• **Exercise details**
The expected output is an exact copy of the lines from the one containing "this 600×400 image." through the final line of the entries below, with no images.

++++++++++++++++++++

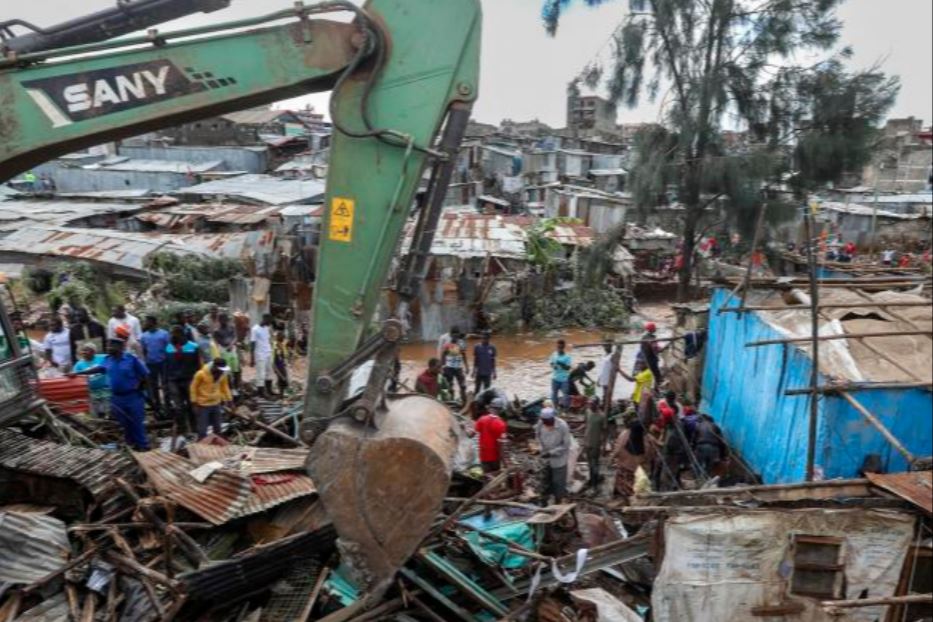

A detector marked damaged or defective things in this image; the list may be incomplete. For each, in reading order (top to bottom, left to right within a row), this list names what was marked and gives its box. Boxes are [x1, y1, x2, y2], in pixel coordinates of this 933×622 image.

rusty corrugated iron sheet [0, 428, 138, 516]
rusty corrugated iron sheet [131, 454, 314, 528]
rusty corrugated iron sheet [185, 446, 310, 476]
rusty corrugated iron sheet [868, 472, 932, 516]
rusty corrugated iron sheet [0, 512, 69, 584]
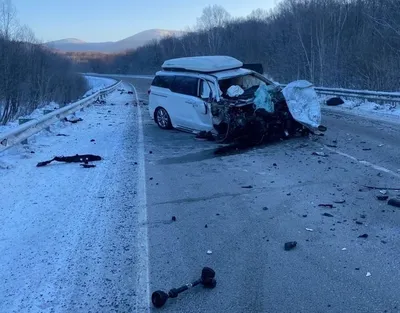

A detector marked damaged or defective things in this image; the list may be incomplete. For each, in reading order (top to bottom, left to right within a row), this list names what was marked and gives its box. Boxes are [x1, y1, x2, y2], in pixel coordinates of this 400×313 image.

detached wheel [155, 106, 171, 128]
severely damaged van [148, 55, 324, 143]
crumpled hood [282, 81, 322, 130]
broken vehicle part [152, 266, 216, 308]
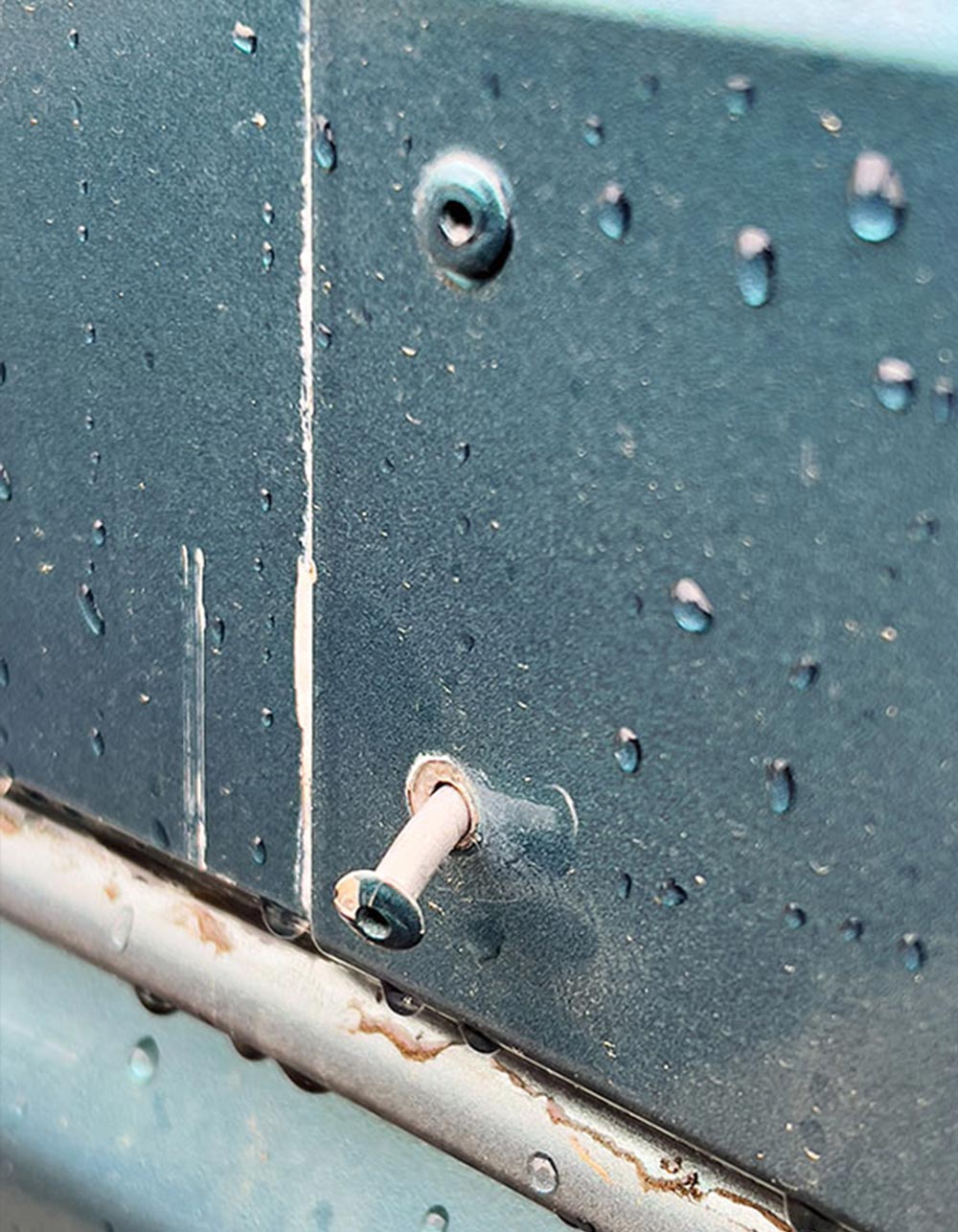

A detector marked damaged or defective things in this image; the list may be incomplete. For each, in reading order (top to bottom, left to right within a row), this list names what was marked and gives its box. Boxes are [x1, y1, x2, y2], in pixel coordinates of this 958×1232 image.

surface rust [349, 1004, 456, 1058]
corroded metal trim [1, 801, 824, 1232]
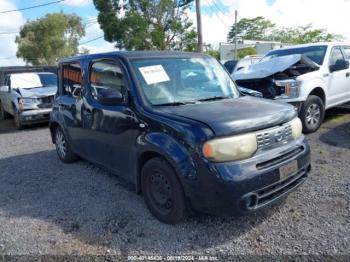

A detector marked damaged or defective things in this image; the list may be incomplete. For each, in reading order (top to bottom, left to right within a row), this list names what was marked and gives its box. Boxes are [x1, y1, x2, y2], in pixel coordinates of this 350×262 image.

damaged white car [0, 71, 57, 129]
damaged white car [232, 43, 350, 133]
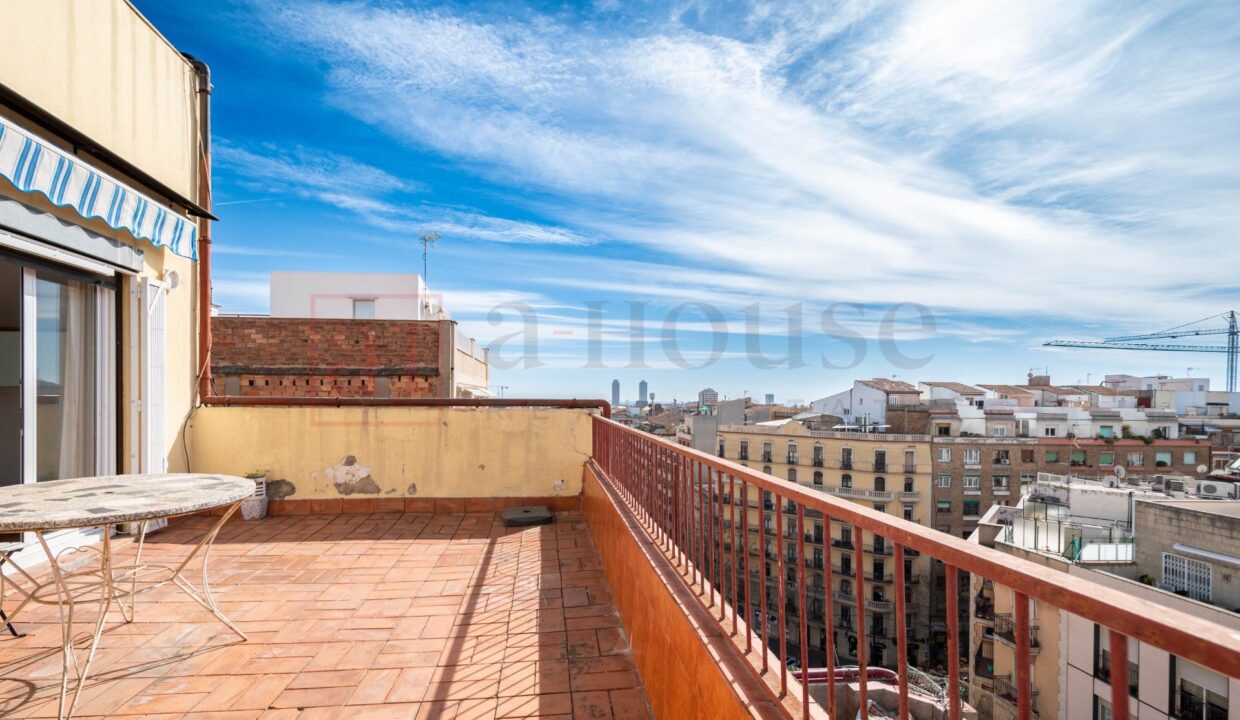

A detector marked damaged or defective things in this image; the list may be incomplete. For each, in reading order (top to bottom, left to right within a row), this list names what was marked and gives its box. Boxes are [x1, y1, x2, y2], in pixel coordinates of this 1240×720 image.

peeling paint on wall [327, 456, 379, 493]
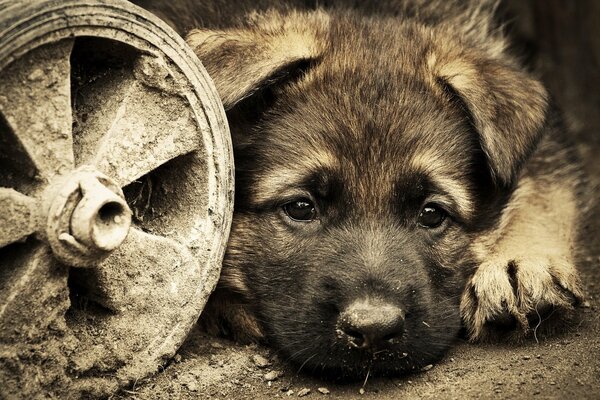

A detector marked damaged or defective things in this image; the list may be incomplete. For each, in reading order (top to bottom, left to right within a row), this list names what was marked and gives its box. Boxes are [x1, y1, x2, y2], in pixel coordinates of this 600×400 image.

rusty wheel [0, 0, 233, 396]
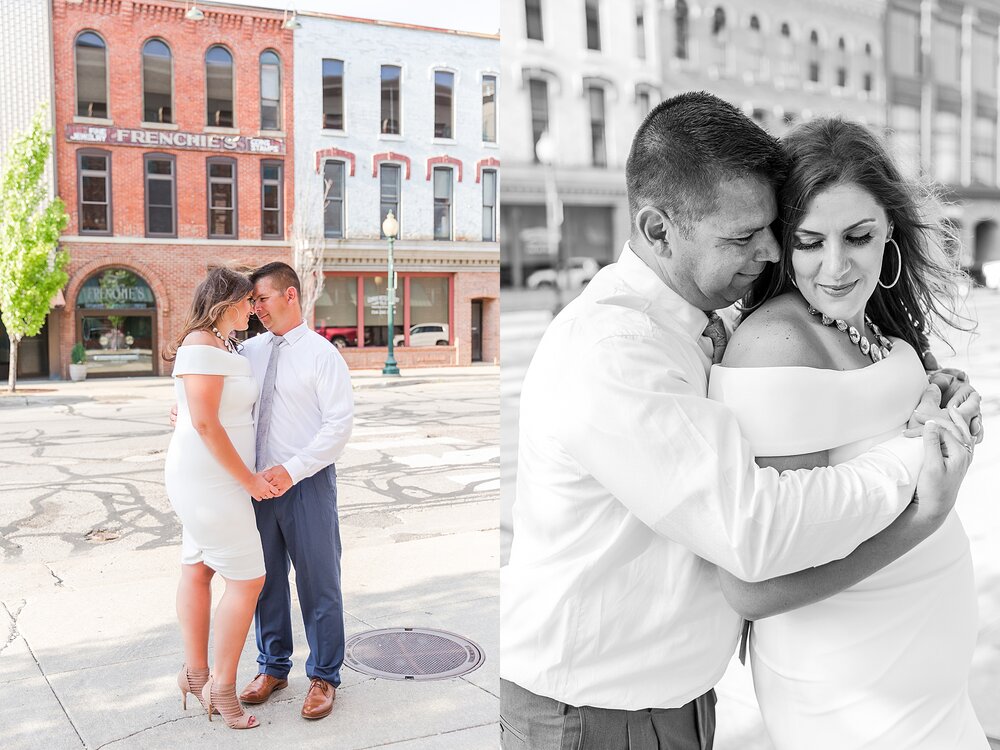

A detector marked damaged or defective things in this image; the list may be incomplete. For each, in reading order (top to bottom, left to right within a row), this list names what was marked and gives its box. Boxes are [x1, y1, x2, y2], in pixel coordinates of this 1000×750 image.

cracked pavement [0, 368, 500, 750]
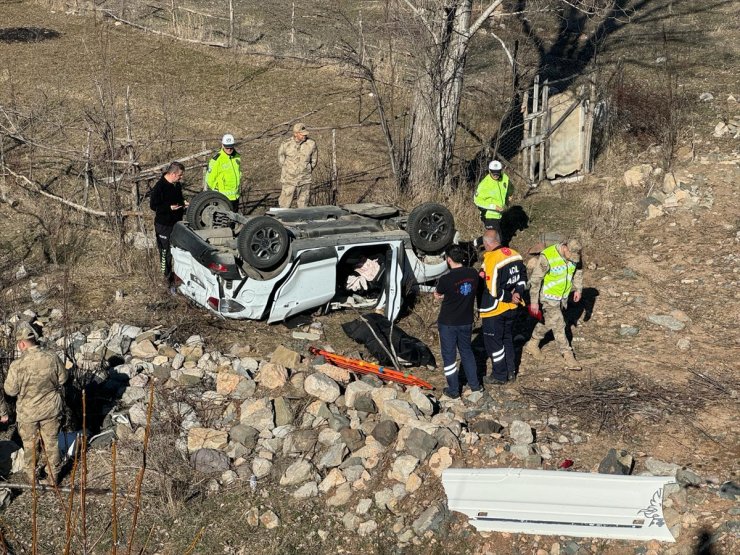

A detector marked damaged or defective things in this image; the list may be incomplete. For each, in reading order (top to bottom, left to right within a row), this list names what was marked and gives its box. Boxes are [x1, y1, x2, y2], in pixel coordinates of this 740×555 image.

overturned white car [170, 191, 454, 322]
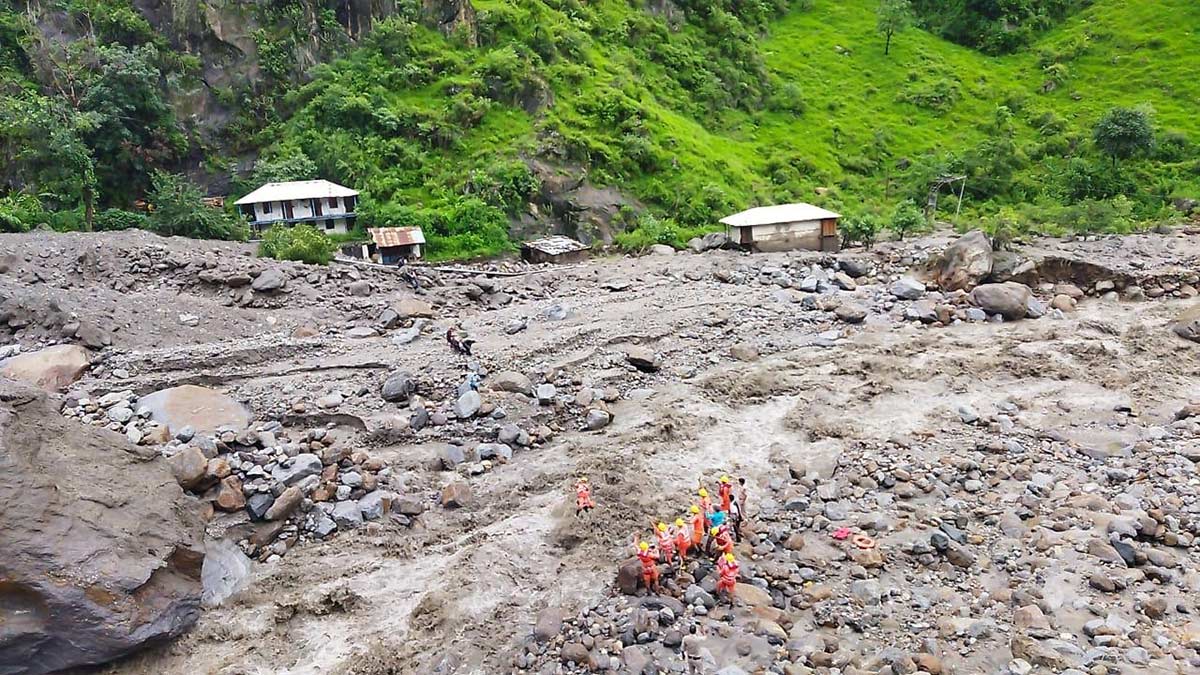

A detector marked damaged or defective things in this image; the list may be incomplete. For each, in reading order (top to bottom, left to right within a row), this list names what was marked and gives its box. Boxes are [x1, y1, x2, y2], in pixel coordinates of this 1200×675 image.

rusty metal roof shed [367, 225, 429, 247]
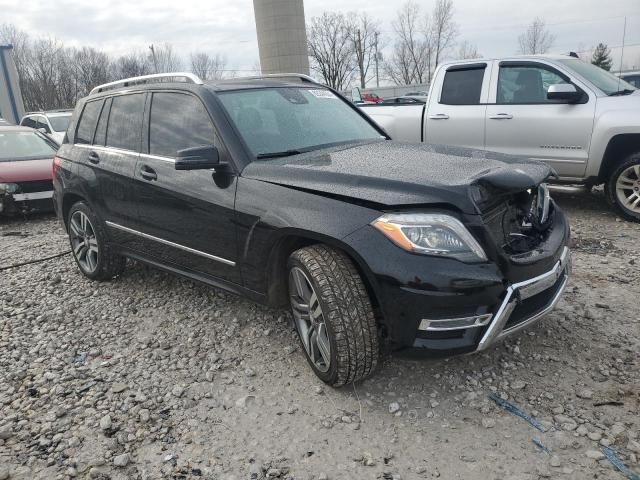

++++++++++++++++++++

• **Exercise answer**
A detector marked damaged or defective things in this image; the list may be incomplete. For each, in reading order (top to bottom, left to right within a row), this list names what was marked and gives its box. Boxes are [x1, y1, x2, y2], in pixel coordinates of this 600×400 image.

rusty wheel [0, 0, 233, 396]

A detector marked damaged or defective things in this image; the list may be incomplete. For each, in reading order (top to bottom, left to right within a row), this list names what was marked and gives its box. Boxes are [x1, y1, x2, y2], in pixel coordinates of this 1000×750 image.

cracked pavement [0, 368, 500, 750]

A detector marked damaged or defective things in this image; the list may be incomplete. For each, in reading order (top to bottom, left to right within a row), this list names what was marked and gives its box. Boxes are [x1, y1, x2, y2], in pixel coordinates of this 740×555 image.

overturned white car [170, 191, 454, 322]

A detector marked damaged or defective things in this image; the list may be incomplete. For each, in reading order (top to bottom, left to right within a row), this list names what was marked and gives its box. Boxes are [x1, y1, x2, y2], in pixel coordinates of this 1200×675 image.

rusty metal roof shed [367, 225, 429, 247]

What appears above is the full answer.